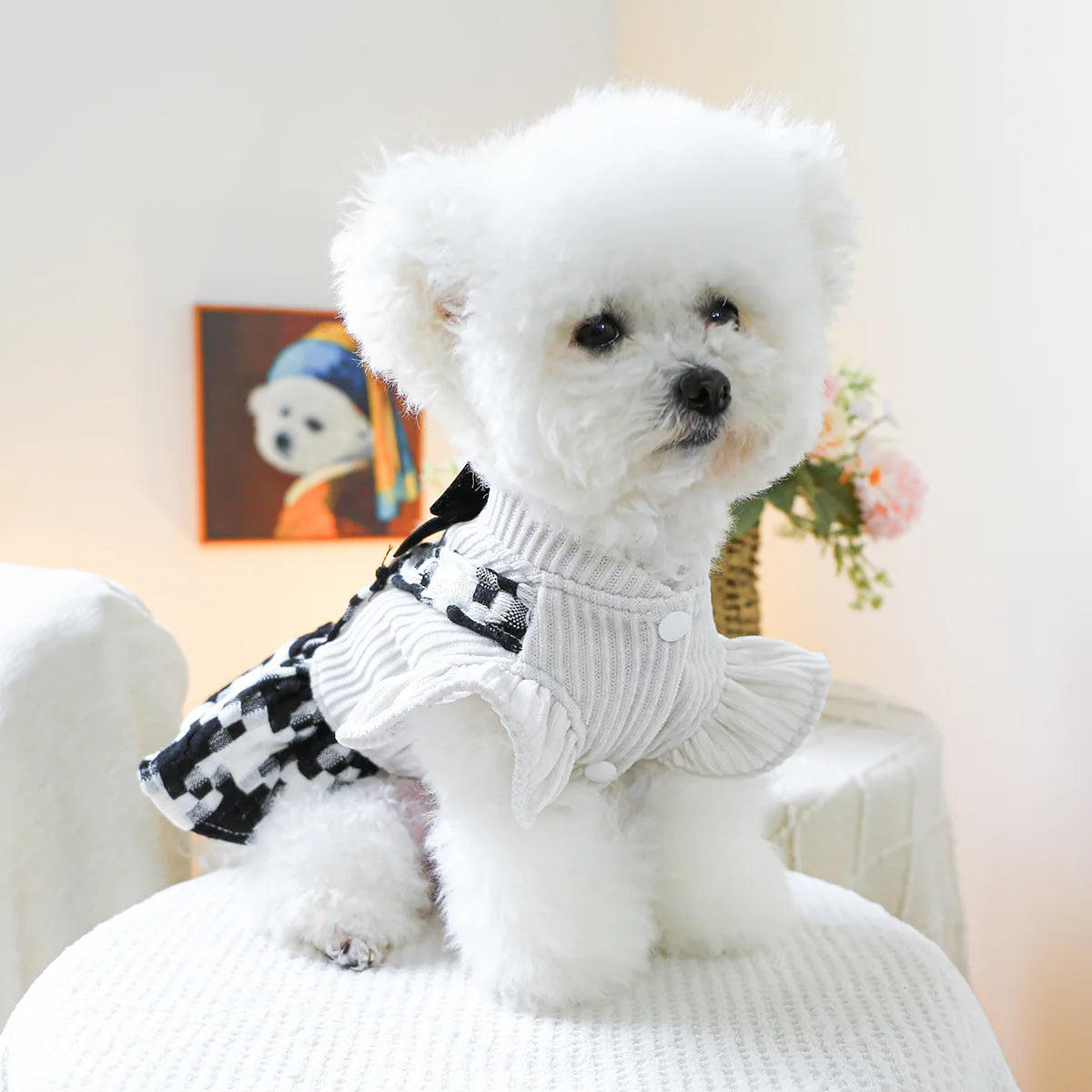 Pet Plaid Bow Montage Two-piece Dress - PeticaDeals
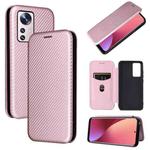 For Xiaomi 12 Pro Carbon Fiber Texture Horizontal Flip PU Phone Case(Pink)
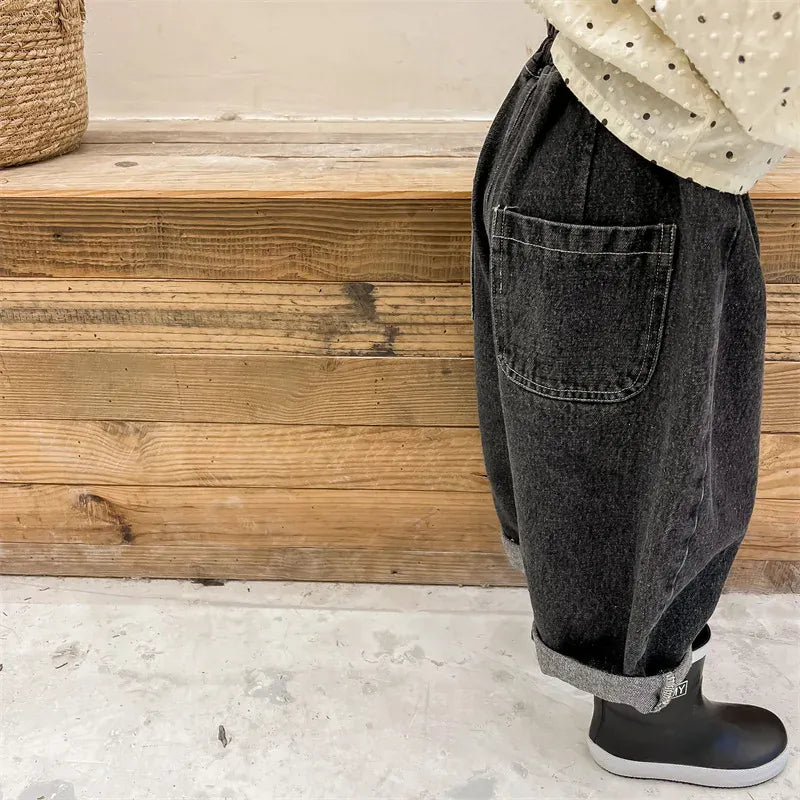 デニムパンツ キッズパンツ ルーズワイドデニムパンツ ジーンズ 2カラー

○ ○ ○ ○ ○ ○ ○

**How to complete this task**
Transcribe all of the material exactly and leave out its pictures.

**Response area**
 Pet Plaid Bow Montage Two-piece Dress - PeticaDeals
 For Xiaomi 12 Pro Carbon Fiber Texture Horizontal Flip PU Phone Case(Pink)
 デニムパンツ キッズパンツ ルーズワイドデニムパンツ ジーンズ 2カラー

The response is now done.